[WHAT YOU SHOULD DO]
Down to the last line, set down the listing below exactly, apart from its pictures.

===== INFORMATION PROVIDED =====

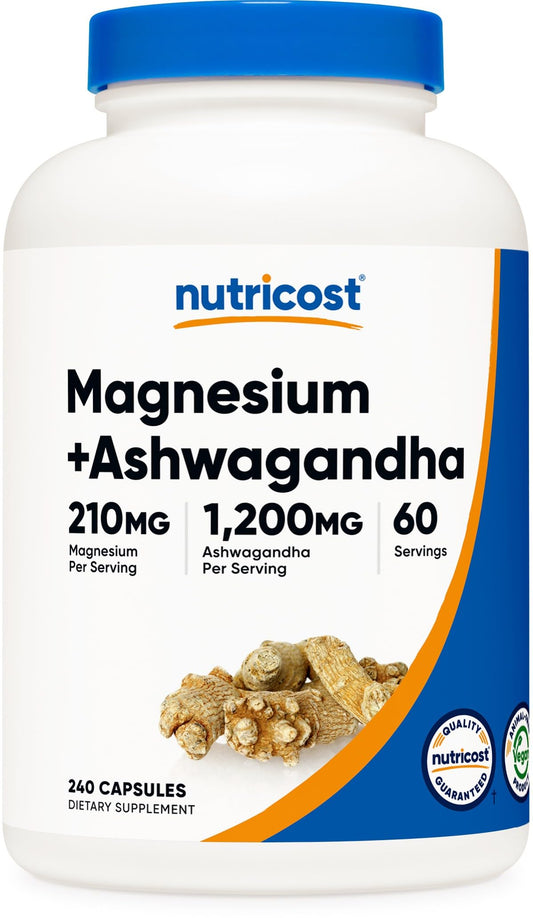 Nutricost Magnesium + Ashwagandha bottle front label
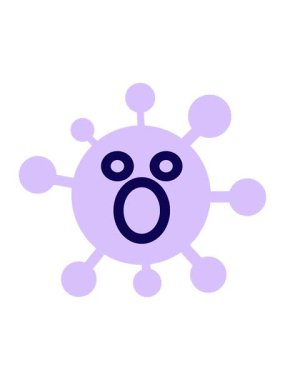 şok olmuş virüs simgesinin neon ışık efekti canlandırması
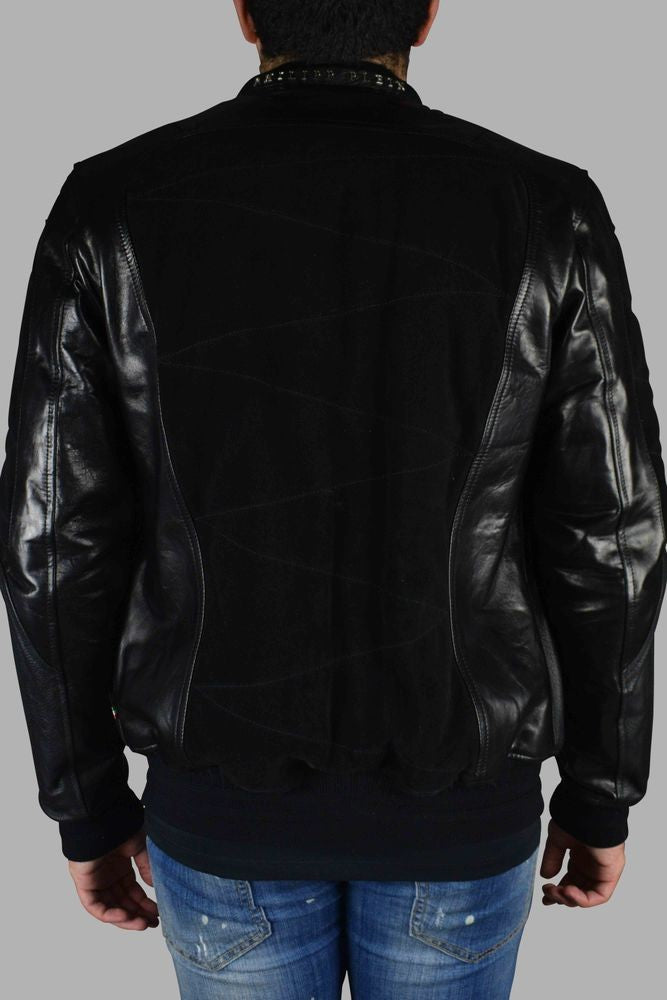 Philipp Plein Black Leather Bomber Jacket With Suede Inserts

=====

[PROBLEM SOLUTION]
 Nutricost Magnesium + Ashwagandha bottle front label
 şok olmuş virüs simgesinin neon ışık efekti canlandırması
 Philipp Plein Black Leather Bomber Jacket With Suede Inserts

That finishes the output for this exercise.